Volto a ser pequena, vestida com alguma peça rosa-choque. Ainda não se usava gelatina, glicerina e açúcar, ingredientes que hoje conferem resistência às bolhas de sabão, tornando-as também gigantes. O processo era simples: juntar água e detergente em um vidro, na proporção que a mãe sabia só de olhar, providenciar um canudinho de plástico ou de papel, e pronto, o resto da brincadeira era soprar e soprar.
O esforço até conseguir criar uma bolha, ou uma carreira delas, envolvia irritação e desapontamento. Por mais que alguma tia pacienciosa demonstrasse como fazer, exemplificando com assopros perfeitos, a atividade exigia o aprendizado que passava, necessariamente, pela experiência de conhecer, testar e dominar minha própria força. Assopros muito intensos resultavam em jatos que serviam apenas para deixar o chão escorregadio e perigoso; se muito acanhados, levavam a água ensaboada de volta para a boca, impulsionada pelo ângulo oblíquo e equivocado do canudo.

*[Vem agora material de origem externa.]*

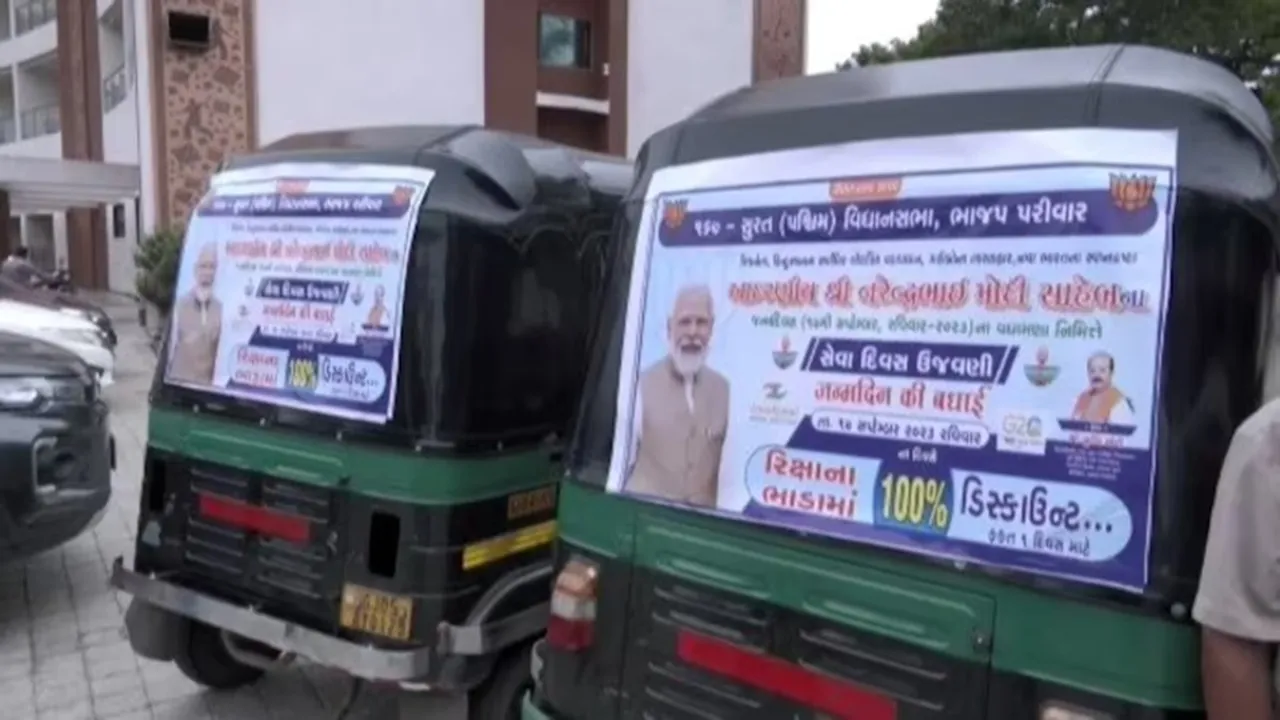 PM birthday, Surat, PM Modi birthday, Narendra Modi, PM birthday, Gujarat, auto driver discount pm birthday, PM Modi, PM Modi 73 birthday, PM Modi age, Purnesh Modi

Depois de incontáveis vezes fracassando, ver pelo ar minhas próprias bolhas transparentes provocava mais do que felicidade. Ser capaz de criar aquelas estruturas delicadas, com seus arco-íris individuais, carregava algo de mágico. Talvez a mesma magia que sinto hoje, quando acerto as palavras para acalentar um coração dilacerado, resgatar a esperança ou mudar alguma perspectiva de vida.
As palavras estão para a humanidade assim como os sopros para as bolhas de sabão. E, em ambas situações, é preciso empenho para encontrar a modulação necessária.